Есть ли сейчас еще какой-либо работающий в поэзии автор его поколения, в котором практика настолько подкреплена теоретической проработкой? Еще в 1957 году Лён-смогист (участник оттепельного Общества самых молодых гениев, портреты которых также даны в “Могиле Бродского”) начал писать разъясняющие суть его основополагающих терминов манифесты, в которых выдвинул идею, что на смену Золотому и Серебряному векам в русской поэзии пришел новый, Бронзовый век.
Помещенный в “Могилу Бродского” “Манифест ре-цептуализма” гласит:
“…2. Ре-Цептуализм — искусство второй рефлексии: само-из-себя творчество и — одновременно — само-в-себе истолкование (да здравствует двуликий Янус!).
3. Ре-Цептуализм ничему не под-ражает и ничего не отражает: искусство творится из рефлексии искусства — искусство а-миметично (прощайте, древние греки! — вместе с вашим рабским мимесисом)”.
Ранее появился “Манифест квалитизма”:
“3. …Мы открываем — Бронзовый. Мы, квалитисты, при-званы — через десятилетия концлагерей, немотствования, эзопова языка, догутенберговщины — возродить качественно совершенный русский стих в качественно новом языке.
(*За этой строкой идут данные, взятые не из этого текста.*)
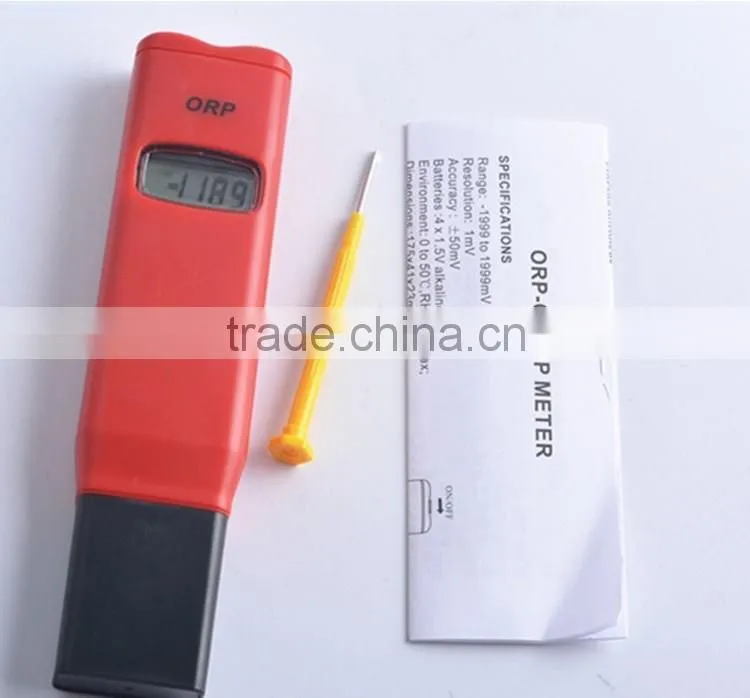 Handheld ORP Tester ORP Meter ORP-C Water Quality Hydroponics Range: -1999 to 1999mV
4. Поэзия ничему не под-ражает, она ничего не от-ражает. Поэзия — по-ражает. Она вы-ражает СУТЬ: трагическую подоплеку рас-пахнутого поэтом МИРА. И — за-пахивающей его ЗЕМЛИ. На какой ОНИ — поэт и его мир — СТОЯТ!
5. Высвобождение языка из-под спуда логики и грамматики — наша первая цель. Цель — на-помнить о родстве СТИХА И СТИХИИ. Слово во вдохновенном стихе должно стать НЕ-ВОЛЬНЫМ — ПРО-ИЗВОЛЬНЫМ — ВОЛЬНЫМ.
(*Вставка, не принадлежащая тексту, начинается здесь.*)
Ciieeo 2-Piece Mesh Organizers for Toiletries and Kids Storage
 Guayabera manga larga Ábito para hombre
6. Следует прорваться к ПРАЯЗЫКУ ветхого Адама. Какой первым — со вдохновением и смыслом — дарил ВЕЩАМ — ИМЕНА.
7. Через слова — к сущностям. От сущностей — к Богу!..”
Если термин ре-цептуализм, то есть общая поэтическая концепция, для теоретических построений Лёна является стратегическим, основополагающим, то тактическая поэтика определена как квалитизм, что означает правильную форму стиха (преимущественно четырехстопного ямба) и нарочито неправильный язык с синтаксическими и семантическими отклонениями, сопряженными с алогичностью мыслительных ходов, что так наглядно продемонстрировано выше. Лён сейчас — один из самых масштабных, при умении быть в некоторых случаях лаконичным, носителей поэтического холизма, как неожиданно рифмуется еще один используемый им в теории термин с фамилией одного из старших соратников и кумиров Лёна по смогизму, Игоря Холина. Последний, вместе с другим основоположником смогизма Генрихом Сапгиром, в оригинальной историко-литературной оде “Сапгир и Холин, Холин и Сапгир”, напоминающей одновременно “Видения на берегах Леты” Константина Батюшкова и “Записки поэта” Сельвинского, составляют некий универсальный поэтический механизм, своего рода часы-ходики, пригодные для измерения литературного времени нескольких последних десятилетий. Холизм Лёна означает единораздельную целостность, или, как в данном конкретном случае, ее не утоляемую жажду. Жажду и опережающее осмысление нового языка, в поиске которого и заключается один из главных поэтических нервов.